General Election 2015: Ukip manifesto pledge on immigrants slammed as “breaking with evidence, common sense, and moral decency”
A key pledge made by Nigel Farage as Ukip launched its manifesto, designed to rouse voters at the General Election in May, has been slammed by one think-tank within hours.
Plans to crackdown on immigration by unskilled workers has been described as breaking with "evidence, common sense and moral decency" by the Adam Smith Institute.
Director Dr Eamonn Butler said:
Ukip’s crackdown on unskilled immigrants breaks with evidence, common sense, and moral decency. Low-skilled immigration does not affect the number of jobs available to natives; in fact, immigrants demand goods and services, which means new jobs are created to supply those services and community needs.

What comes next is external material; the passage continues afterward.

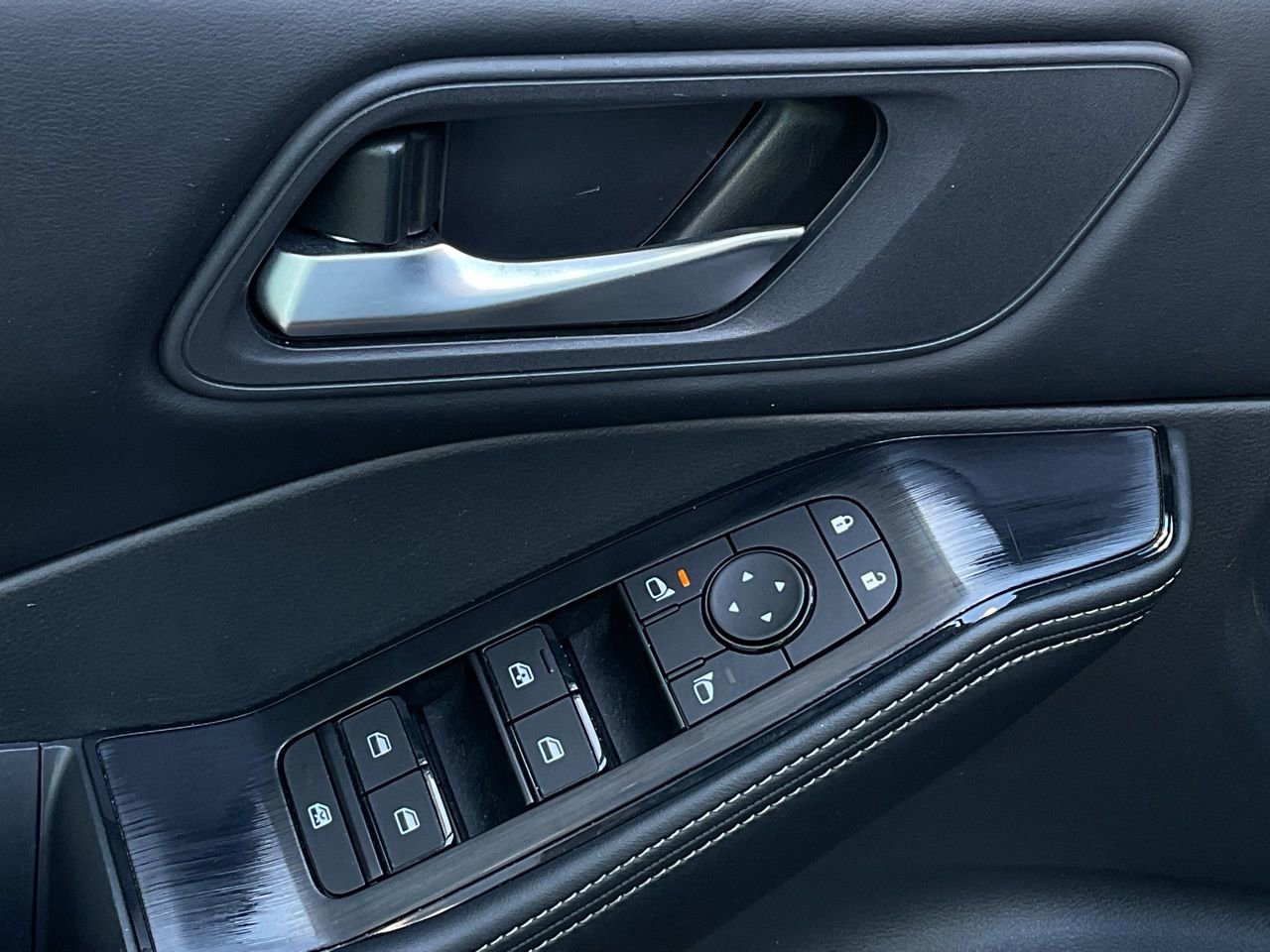 Used 2025 Nissan Rogue SV image 15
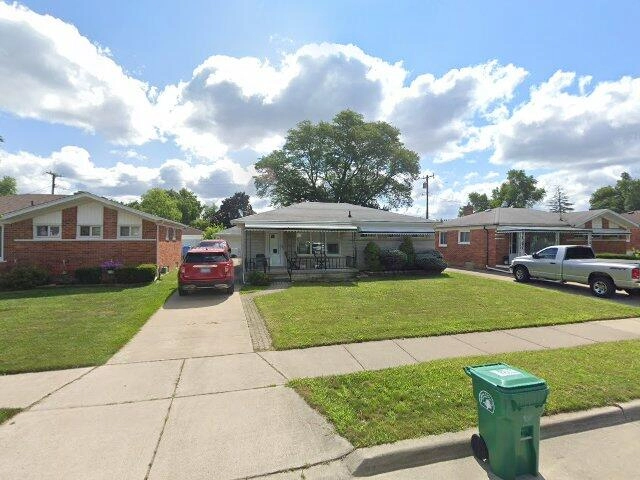 House image located at Garden City, MI 48135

Immigrants prop up the welfare state, paying more in taxes overall than they consume in services or benefits. The best evidence suggests that low-skilled immigration only has a small and temporary negative effect on native wages, and this effect does not compare to the wealth they generate for the UK.
Ukip’s pledge to ban unskilled immigration for five years goes against all economic sense. It is only supported by a dogma that is both intellectually and morally bankrupt.
In addition to a five-year ban on unskilled workers, Ukip has promised to introduce a points-based system for immigration into the UK emulating the same model as the one used in Australia.